- Artist: Fernand Léger
- Year: 1932
- Medium: Oil on canvas
- Dimensions: 182 cm × 230 cm (72 in × 91 in)
- Location: Musée National d'Art Moderne; Paris;

= Composition with Three Figures =

Painting by Fernand Léger

Composition with Three Figures is an oil on canvas painting by French painter Fernand Léger, from 1932. It is held at the Musée National d'Art Moderne, in Paris.

==Description==
On a bright yellow background, the painting depicts three figures, on its left side, and a ladder and a rope, on its right side, all in tones of gray. A blue wavy shape stained with white separates these two parts. It is a composition made of simple geometric forms.

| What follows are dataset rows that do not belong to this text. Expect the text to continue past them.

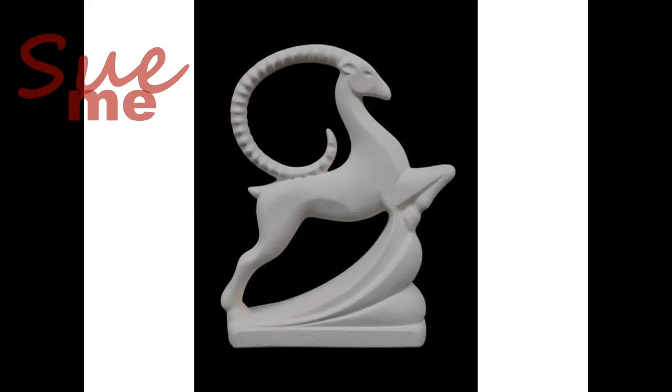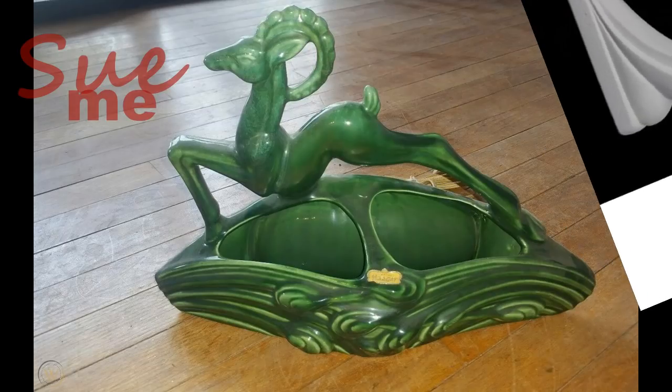Everything is a reaction to what went before. Some of the reactions are stronger than others, but you see things cycling back. We saw Art Deco cycling back to us in the 1950s. So how do we tell them apart? How is it that the white gazelle is Art Deco and the green one is mid-century modern?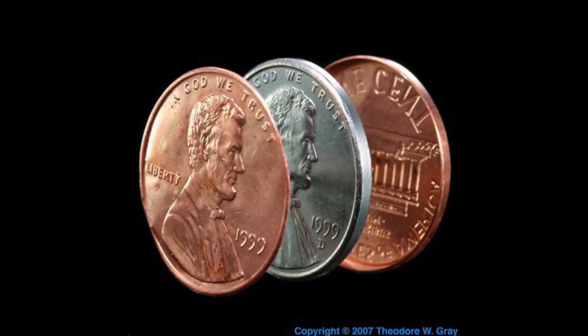Pennies and other American coins are little sandwiches of metal that are pressed together. Pennies have zinc on the inside and copper on the outside.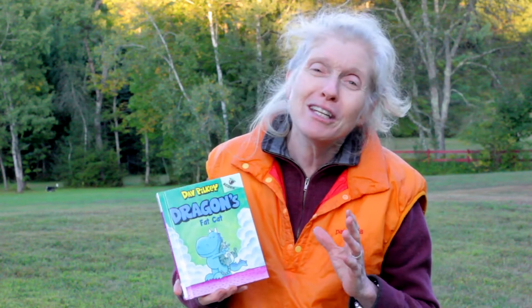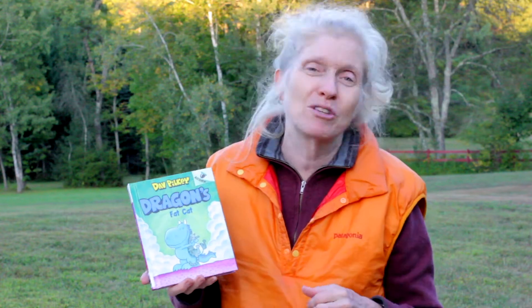If you like books that are funny, that would be great for an early reader — you'll love this one, give it a chance. Or if you like dragons and cats, it makes it even better. For more information on it, check out my description below.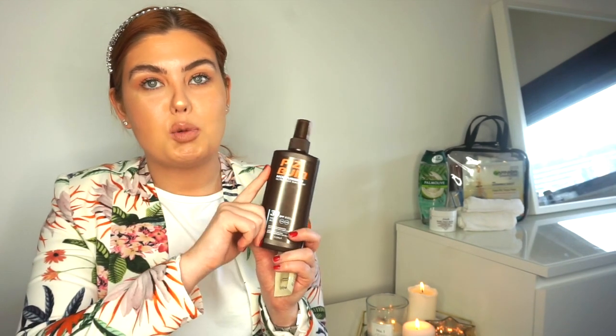I also got a sample of the Hawaiian Tropic 30 cream - it was actually between that and Piz Buin when I was choosing. It was the smell that won me over with Piz Buin. So I'll take the sample along too.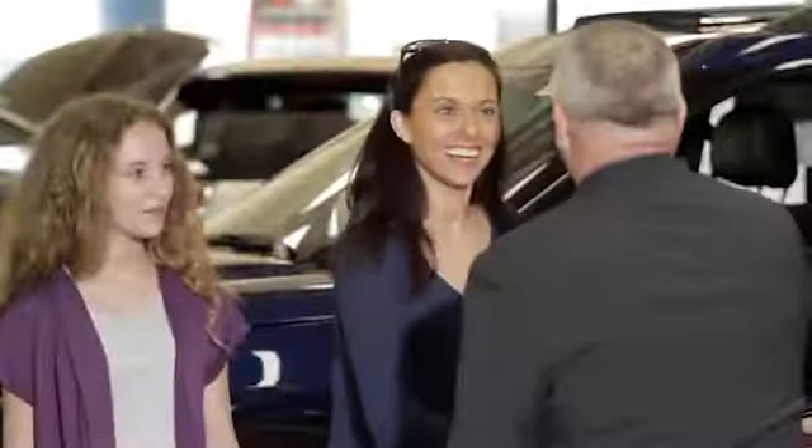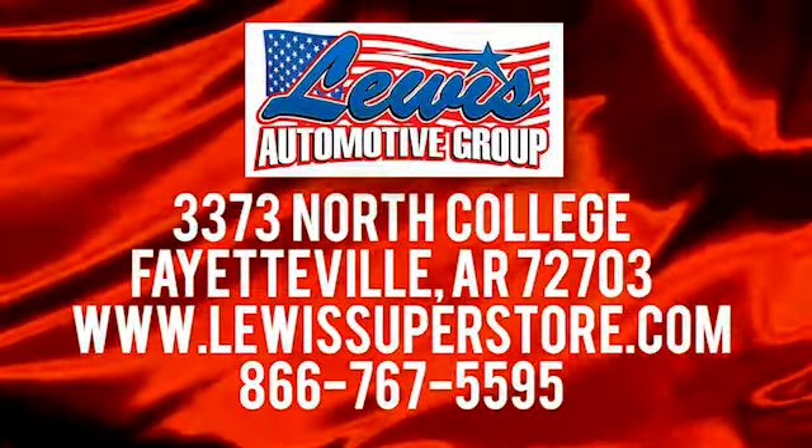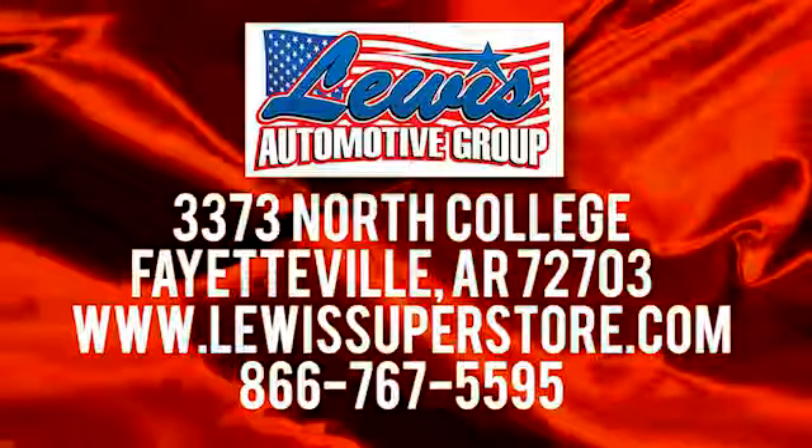At Lewis Automotive Group, our friendly, skilled and knowledgeable staff is here to help you find that new or quality used car you've been searching for. We're conveniently located at 3373 North College in Fayetteville, Arkansas.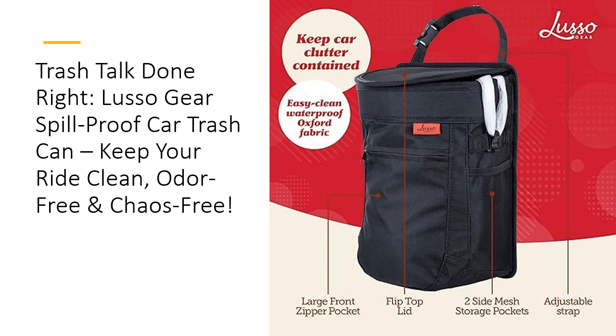Why settle for a trash can that leaves your car smelling funky? The Lusso Gear Car Bin is a game-changer with its spill-proof design, ensuring that even the messiest accidents are no big deal. The removable liner lets you empty garbage without fuss, while its sturdy construction ensures long-lasting performance. Whether you're a road warrior or a parent wrangling kids, this portable trash solution helps you keep your vehicle in tip-top shape.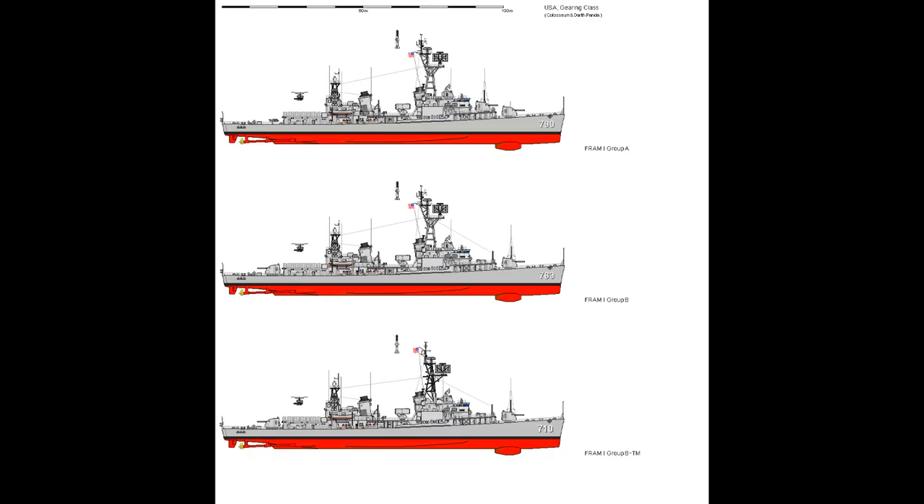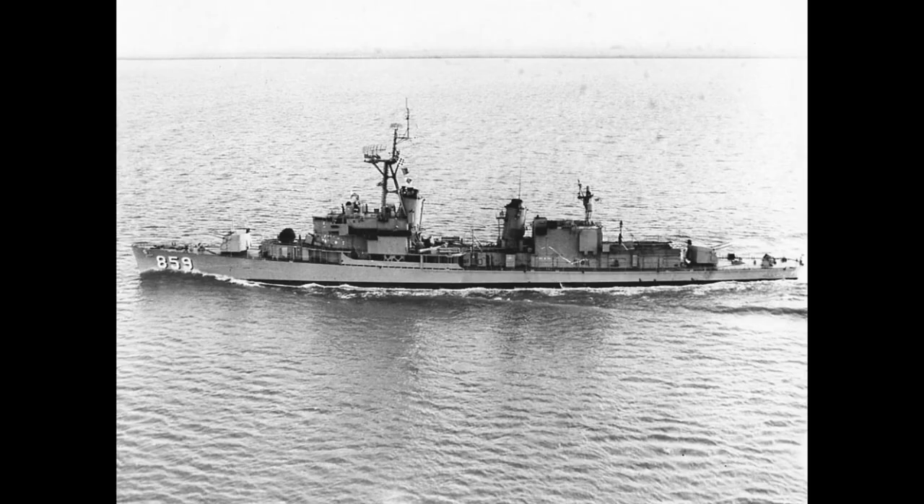Exactly which 5-inch twin mount was removed did vary somewhat from ship to ship, with some losing the superfiring forward mount and others losing the aft mount. The new weapons included specialist anti-submarine torpedo launchers, an octuple ASROC anti-submarine missile system, and a landing pad and hangar for the somewhat questionable DASH drone helicopter. Since the ASROC system could carry a nuclear warhead, these ships would become some of the smallest nuclear-capable warships in regular service.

The characters are disproportionate, with oval faces, large eyes and stylized hair.

The artist here chooses a large-format composition in which he divides the elements of the painting into two groups in order to affirm a “dialectical evolution which necessarily involves the always very concentrated oppositions of two antinomic and clearly formulated themes”.

Abandoning industrial and urban forms, but still strongly imbued with the aesthetics of these themes, Fernand Léger returns in this work to the human subject, but not as an object of plastic admiration: “If an object, a subject, is beautiful, it is no longer raw material, it is plastic value, therefore unusable; we just have to look and admire." The painting also seems to indicate a certain influence from surrealism.